Here’s a brief, unscripted video you can see of us speaking in all four languages, so you can judge for yourself.
A 3-minute, informal conversation isn’t a very good test, though. So I’ll also show you more in-depth footage of how we tackled our missions in Spanish,Portuguese, Mandarin Chinese, and Korean.
The short answer is that because we had no choice but to dive into each language, we learned a lot in all 4 languages. But did we become fluent?
The only exam I took to measure by ability was China’s official exam for testing fluency in Mandarin Chinese (the HSK 4), which I passed with a 74%. The creators of the exam state an official correspondence with this and a B2 level, however that’s not without some controversy.
For the other languages, I’ll have to use more of an informal assessment.
My rough estimate is that we reached upper intermediate level in Spanish, and intermediate Portuguese. Vat’s Chinese was somewhat worse than mine, probably reaching a lower-intermediate level. However my Korean was somewhat worse than his, with him reaching an intermediate, and me reaching a lower-intermediate level. (This wasn’t too surprising, since Vat was excited to learn Korean from the start of our trip, whereas I’d gotten really into Chinese. Motive matters).
This means that in Spanish, we’re functionally fluent. We make grammatical mistakes and have an accent, but we can easily have long conversations with strangers about any topic, without a dictionary. Portuguese a little less so, although still conversational. Chinese and Korean are difficult to compare to European languages, since they don’t follow the same difficulty curve, but we were both comfortable using the languages for daily life.

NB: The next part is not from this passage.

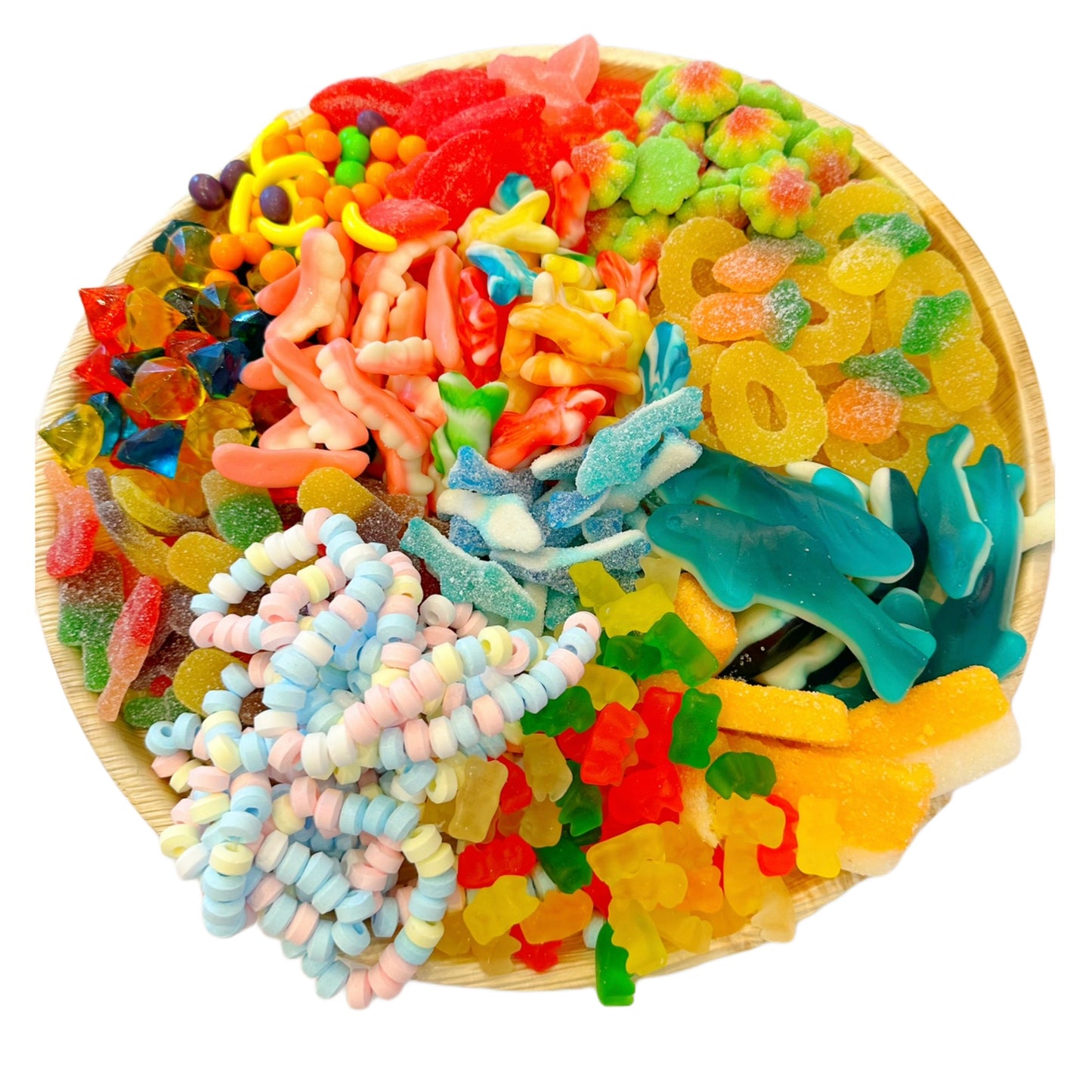 Sunshine x Beach Vibes Candy Tray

LESSONS I LEARNED FROM SPEAKING NO ENGLISH
The four languages of this trip weren’t my first time learning a foreign language. That was French. I had spent a year studying in France as part of my university course.
Like Spanish, Portuguese, Chinese and Korean, I had only minimal practice in French and wanted to become fluent during my stay. But unlike my recent languages, I didn’t throw myself into the language with no English. I worked hard and I studied hard, and I left with an intermediate level of French. But unfortunately it was often painfully difficult. Even six months after I started, holding a long conversation was exhausting.
Contrast that with Spanish, where Vat (who had no prior experience with Romance languages) and I both outdid a year of living and studying in French in just three months. I couldn’t believe that it was possible to learn a language four times as fast, especially since my time learning French was strenuous and didn’t feel particularly slow.
Today I want to share the methods we used that led to such a huge difference in efficiency and effort. Hopefully you can apply them to speed up your own learning tasks.
Spain: Why Opting for Zero English Actually Makes Learning Easier
Spain was the first country in our journey. We were nervous about the no-English rule. After all, what if it simply proved too difficult? What if our idea to limit English for a year was actually a vow of silence, if learning a language in three months was beyond our abilities?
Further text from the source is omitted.